*Input data*
○ ○ ○ ○ ○ ○ ○

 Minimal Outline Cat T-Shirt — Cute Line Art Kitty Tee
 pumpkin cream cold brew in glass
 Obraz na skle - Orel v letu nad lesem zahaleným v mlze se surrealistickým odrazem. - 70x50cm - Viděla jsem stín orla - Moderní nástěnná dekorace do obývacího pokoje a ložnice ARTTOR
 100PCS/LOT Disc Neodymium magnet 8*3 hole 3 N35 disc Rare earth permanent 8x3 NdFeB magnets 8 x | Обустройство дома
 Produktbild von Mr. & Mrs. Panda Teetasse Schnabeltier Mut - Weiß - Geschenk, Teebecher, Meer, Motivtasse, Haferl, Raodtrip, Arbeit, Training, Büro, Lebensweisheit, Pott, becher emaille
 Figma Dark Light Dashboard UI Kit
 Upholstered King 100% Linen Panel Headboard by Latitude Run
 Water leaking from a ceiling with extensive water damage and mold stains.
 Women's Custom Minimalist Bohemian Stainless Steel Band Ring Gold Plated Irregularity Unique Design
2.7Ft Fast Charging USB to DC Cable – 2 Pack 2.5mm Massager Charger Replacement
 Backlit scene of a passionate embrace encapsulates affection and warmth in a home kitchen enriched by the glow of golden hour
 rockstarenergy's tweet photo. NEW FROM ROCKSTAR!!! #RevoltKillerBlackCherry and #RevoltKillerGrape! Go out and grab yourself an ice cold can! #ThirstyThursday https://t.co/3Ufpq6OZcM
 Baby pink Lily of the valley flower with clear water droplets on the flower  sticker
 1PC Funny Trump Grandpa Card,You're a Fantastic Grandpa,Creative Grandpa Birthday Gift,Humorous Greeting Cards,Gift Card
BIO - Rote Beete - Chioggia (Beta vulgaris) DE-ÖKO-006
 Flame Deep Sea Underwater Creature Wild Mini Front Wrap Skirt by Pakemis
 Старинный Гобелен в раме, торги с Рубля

○ ○ ○ ○ ○ ○ ○

*Work to be completed*
Throughout the data above, count the lines where the word "with" occurs, and report that figure alone.

*Result of the exercise*
2